Model : Chiyo Hiraoka – Singer Songwriter (https://lineblog.me/lululu_chiyo/)
Photo: Rika Tomomatsu / Text: Nozomi Nobody

 私の血液が流れるスピードで、太陽が東から西に傾くあいだに草木が風になびくリズムと同じように、きっとぴったり落ち着く生活があるはずだと信じているのです。

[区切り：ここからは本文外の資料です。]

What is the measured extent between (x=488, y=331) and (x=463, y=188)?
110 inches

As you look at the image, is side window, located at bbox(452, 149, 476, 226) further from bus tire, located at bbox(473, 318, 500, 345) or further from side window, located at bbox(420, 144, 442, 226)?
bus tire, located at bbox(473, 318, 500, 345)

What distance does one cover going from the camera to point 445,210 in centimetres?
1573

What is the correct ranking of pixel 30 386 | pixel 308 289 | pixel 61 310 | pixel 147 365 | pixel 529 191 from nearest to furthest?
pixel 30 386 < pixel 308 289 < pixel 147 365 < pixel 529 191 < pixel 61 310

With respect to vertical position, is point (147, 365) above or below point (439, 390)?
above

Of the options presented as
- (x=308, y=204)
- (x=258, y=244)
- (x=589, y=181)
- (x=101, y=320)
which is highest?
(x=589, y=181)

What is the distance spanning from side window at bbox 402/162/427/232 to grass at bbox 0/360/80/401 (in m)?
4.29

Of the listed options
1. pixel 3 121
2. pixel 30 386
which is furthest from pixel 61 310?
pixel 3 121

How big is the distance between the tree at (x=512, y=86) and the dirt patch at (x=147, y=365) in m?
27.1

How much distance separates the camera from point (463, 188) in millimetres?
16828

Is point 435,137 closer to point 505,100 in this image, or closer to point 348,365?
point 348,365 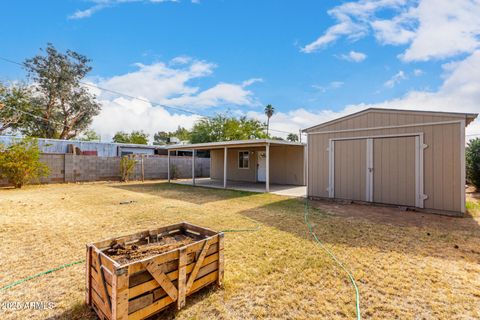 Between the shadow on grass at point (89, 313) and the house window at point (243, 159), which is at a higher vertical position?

 一昨年の夏、ともまつは仕事で3ヶ月間スイスに滞在し、帰国後に個展を開いた。あれは確か平日の、お昼を少し過ぎたくらいだっただろうか。フレームに収められた雄大で鮮やかなスイスの景色を眺め、帰りの電車のドアにもたれながら、会場で配られたZINEのページをめくった。「ぴったり落ち着く生活」なんていうものを、わたしはきっと無意識のうちにほとんど諦めていたのだと思う。この一節がやけに胸の奥まで入り込んできて、「信じている」と言い切る彼女の言葉のひたむきな強さにとても勇気づけられたのだった。

 千代ちゃんは最近神奈川の外れに引っ越した。わたしの家は多摩川のすぐそばなのでほとんど神奈川と言ってもいいが、千代ちゃんの新居は静岡寄りなのでうちからはまる2時間かかった。海老名も厚木も超え、名前を聞いたことすらなかった駅で電車を降りた。人もまばらな駅前で少し待つと千代ちゃんが迎えにきてくれ、雨が降り出したので一緒にタクシーに乗って家まで向かった。

 それは昔ながらの小さな平家で、玄関を開けると正面に小さな畳の部屋、右手にキッチンとお風呂場、左手に区切りの襖扉が外されて大きな一部屋になったただっ広い二間があり、奥には鬱蒼と木々が茂る山(森?)に続くなんというか沼のような風情のたっぷりとした庭があった。前の住人がリフォームをしたらしく、床や水回りはとてもきれいだった。車道から少し入った細道の一番奥にあり、虫の声だけが響いているその場所は周囲からすっぽり切り取られ、そこだけがすっかりなにかに守られているようだった。
 「のんちゃんが来るから」と用意しておいてくれた炭を温め、千代ちゃんが育てたじゃがいもとにんじん、買ってきた茄子やオクラ、魚の干物などを焼き、ビールを飲み、ワインを飲み、濁酒を飲んだ。何を話しただろうか。そのうちギターを弾き歌を歌うなどし、更けていく夜とともにすっかり満たされた気持ちで眠りについた。

 千代ちゃんはその場所にとてもよく似合っていた。次の日の朝、自然光のたっぷり入るキッチンでコーヒーを淹れる千代ちゃんの立ち姿はやけにしゅっとしていてとても綺麗で(わたしは思わずそれを口にしてしまったほど)、千代ちゃんがそこにいることはとても自然で正しいことのように思えた。それはきっと千代ちゃんが、自分と同じスピード、同じリズムで時間が流れ、呼吸をしている場所を見つけたからに違いなかった。

 ともまつのZINEはこう続く。

 不思議な縁ではじまったこの旅を通して、何らかの変化の気配を確かに感じることができるだろうという自信があるし、その先もずっと心の動かされる方へ旅を続けるのだろうと思います。

 千代ちゃんはきっとまたこの先住む場所を変えるだろう。だけどきっとその度に、その時の自分にぴったりの場所を見つけるだろう。それはなんて素敵なことだろうか。
 「心の動かされる方へ」
 わたしはともまつの言葉を思い出しながら、少し心細いような、だけどとても静かな前向きな気持ちでのんびりとまた2時間かけて東京へと戻った。